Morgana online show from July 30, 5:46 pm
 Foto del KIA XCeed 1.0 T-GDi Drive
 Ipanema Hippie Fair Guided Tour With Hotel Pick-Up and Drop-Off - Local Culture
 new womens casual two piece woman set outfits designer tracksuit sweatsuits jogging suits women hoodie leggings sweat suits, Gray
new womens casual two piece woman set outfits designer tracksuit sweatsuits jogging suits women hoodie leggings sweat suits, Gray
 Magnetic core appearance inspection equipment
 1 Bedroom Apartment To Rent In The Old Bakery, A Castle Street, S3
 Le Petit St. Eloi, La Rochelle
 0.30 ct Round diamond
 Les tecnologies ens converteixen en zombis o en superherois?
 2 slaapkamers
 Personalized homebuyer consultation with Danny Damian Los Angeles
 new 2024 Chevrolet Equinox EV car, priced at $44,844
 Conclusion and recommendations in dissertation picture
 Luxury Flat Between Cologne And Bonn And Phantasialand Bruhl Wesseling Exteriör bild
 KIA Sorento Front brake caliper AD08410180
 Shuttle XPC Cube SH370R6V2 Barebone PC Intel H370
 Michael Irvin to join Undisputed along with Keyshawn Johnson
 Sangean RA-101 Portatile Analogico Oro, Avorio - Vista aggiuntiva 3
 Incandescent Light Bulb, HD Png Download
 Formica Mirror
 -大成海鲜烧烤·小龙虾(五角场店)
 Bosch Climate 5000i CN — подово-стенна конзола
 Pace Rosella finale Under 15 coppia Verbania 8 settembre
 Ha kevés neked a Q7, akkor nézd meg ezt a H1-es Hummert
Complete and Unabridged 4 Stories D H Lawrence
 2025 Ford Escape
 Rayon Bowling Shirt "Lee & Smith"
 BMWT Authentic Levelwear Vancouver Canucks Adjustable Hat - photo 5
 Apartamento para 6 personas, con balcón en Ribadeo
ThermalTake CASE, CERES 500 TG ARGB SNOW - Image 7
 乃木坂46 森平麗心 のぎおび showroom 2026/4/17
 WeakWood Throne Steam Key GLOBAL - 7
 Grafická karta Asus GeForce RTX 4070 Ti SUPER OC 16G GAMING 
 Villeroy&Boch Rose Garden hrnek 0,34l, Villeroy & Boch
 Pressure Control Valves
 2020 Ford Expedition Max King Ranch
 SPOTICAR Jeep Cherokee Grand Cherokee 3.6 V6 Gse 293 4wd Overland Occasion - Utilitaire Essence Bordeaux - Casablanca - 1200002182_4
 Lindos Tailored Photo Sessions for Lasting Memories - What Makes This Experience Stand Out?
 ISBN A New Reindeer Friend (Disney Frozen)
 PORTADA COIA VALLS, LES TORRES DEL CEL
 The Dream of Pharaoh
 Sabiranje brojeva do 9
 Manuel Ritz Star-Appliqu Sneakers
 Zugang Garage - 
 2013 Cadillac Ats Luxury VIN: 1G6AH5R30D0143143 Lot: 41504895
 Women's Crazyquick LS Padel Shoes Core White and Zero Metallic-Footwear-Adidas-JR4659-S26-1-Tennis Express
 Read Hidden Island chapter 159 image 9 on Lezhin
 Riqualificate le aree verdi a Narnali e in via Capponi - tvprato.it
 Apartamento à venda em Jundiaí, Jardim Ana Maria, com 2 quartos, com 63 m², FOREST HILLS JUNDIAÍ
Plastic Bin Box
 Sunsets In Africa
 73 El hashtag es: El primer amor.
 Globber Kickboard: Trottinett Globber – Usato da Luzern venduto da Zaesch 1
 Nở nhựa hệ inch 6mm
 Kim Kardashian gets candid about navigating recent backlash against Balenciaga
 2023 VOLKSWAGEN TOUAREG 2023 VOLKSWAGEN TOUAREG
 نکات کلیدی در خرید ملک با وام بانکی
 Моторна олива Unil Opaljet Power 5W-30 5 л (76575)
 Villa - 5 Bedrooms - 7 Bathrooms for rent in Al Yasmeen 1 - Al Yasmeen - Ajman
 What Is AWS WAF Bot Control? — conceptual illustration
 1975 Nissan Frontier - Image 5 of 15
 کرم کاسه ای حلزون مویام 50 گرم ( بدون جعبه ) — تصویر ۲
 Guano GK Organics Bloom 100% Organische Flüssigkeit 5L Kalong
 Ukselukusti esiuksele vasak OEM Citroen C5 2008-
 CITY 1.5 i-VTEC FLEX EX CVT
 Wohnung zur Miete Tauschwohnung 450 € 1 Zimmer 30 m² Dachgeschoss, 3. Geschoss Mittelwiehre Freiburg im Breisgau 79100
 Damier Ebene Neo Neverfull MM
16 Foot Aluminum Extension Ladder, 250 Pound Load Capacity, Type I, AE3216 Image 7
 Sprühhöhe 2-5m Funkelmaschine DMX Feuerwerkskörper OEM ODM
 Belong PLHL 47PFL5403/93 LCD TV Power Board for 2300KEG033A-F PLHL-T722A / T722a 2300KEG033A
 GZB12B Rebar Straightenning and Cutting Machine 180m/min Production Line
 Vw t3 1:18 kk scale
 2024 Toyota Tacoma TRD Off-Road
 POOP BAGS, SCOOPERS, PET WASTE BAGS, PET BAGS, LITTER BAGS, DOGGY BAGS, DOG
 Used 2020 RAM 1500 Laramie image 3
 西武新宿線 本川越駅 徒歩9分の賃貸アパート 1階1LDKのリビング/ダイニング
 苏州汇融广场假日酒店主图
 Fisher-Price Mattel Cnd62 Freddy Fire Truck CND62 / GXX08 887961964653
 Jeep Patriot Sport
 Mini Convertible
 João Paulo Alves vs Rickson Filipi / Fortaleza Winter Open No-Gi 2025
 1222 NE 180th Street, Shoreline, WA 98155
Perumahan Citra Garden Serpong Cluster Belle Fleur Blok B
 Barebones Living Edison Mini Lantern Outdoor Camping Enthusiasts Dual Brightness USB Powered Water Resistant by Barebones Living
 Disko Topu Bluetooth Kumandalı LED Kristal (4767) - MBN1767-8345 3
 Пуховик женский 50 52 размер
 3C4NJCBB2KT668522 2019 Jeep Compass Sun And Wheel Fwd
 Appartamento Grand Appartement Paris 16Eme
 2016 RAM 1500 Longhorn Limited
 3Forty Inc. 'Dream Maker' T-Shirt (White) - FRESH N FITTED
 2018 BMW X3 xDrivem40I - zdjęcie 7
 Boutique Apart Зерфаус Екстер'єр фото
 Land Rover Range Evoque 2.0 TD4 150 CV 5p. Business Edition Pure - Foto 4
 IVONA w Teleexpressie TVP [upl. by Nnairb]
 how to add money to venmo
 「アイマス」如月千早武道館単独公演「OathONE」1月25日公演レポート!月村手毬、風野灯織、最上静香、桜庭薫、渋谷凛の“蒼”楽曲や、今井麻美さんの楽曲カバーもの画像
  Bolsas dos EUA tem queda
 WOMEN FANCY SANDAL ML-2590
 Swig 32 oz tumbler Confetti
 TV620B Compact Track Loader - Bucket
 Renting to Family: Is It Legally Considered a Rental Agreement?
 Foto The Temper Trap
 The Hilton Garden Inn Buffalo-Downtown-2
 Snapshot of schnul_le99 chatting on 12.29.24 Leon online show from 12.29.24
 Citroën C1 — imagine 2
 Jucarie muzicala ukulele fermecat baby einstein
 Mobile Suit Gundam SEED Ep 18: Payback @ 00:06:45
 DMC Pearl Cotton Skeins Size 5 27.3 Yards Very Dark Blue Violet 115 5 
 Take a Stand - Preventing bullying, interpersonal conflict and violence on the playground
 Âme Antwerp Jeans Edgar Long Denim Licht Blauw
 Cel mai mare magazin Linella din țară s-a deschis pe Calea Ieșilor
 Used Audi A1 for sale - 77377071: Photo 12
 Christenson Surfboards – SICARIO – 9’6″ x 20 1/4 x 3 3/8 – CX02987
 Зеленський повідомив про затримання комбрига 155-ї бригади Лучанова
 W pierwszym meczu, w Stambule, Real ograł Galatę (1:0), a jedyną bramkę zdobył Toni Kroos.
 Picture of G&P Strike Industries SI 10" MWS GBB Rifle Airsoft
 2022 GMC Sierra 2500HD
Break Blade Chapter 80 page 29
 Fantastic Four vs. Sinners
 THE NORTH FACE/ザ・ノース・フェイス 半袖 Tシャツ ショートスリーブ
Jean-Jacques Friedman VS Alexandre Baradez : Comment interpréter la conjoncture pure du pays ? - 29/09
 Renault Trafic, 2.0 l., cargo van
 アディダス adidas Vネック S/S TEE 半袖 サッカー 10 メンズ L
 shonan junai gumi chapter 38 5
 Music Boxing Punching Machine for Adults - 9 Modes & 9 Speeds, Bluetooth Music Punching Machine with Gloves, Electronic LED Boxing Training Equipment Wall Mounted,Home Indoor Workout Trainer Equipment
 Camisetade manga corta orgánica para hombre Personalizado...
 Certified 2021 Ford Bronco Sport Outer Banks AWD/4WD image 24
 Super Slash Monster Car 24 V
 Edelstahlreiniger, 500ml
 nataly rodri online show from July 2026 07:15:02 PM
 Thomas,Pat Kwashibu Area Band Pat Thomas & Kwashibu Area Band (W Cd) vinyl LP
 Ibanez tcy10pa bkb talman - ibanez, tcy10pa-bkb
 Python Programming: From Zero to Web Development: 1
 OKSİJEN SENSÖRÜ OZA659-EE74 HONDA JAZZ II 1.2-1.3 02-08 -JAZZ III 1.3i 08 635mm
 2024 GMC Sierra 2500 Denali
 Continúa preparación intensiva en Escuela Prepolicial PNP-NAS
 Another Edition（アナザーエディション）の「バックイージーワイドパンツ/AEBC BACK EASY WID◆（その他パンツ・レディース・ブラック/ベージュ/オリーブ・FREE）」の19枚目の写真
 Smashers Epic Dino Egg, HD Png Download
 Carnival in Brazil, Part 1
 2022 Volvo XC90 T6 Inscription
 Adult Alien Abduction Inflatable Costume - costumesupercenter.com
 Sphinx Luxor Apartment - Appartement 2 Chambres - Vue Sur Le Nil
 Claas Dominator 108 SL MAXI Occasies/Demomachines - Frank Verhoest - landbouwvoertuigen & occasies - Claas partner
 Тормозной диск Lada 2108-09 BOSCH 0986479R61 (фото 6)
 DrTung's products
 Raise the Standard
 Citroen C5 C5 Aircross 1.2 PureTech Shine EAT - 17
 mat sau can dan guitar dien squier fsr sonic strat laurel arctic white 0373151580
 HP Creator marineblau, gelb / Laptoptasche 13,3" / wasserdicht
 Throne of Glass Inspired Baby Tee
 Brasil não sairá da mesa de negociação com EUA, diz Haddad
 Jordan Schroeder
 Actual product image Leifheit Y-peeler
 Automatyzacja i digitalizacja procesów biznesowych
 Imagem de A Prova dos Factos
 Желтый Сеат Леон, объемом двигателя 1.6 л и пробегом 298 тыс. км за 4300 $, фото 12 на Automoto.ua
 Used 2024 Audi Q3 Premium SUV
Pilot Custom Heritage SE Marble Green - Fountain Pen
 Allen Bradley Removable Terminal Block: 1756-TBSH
....
The answer must be all the lines above that hold the word "Gray".

**Exercise response:**
 new womens casual two piece woman set outfits designer tracksuit sweatsuits jogging suits women hoodie leggings sweat suits, Gray
new womens casual two piece woman set outfits designer tracksuit sweatsuits jogging suits women hoodie leggings sweat suits, Gray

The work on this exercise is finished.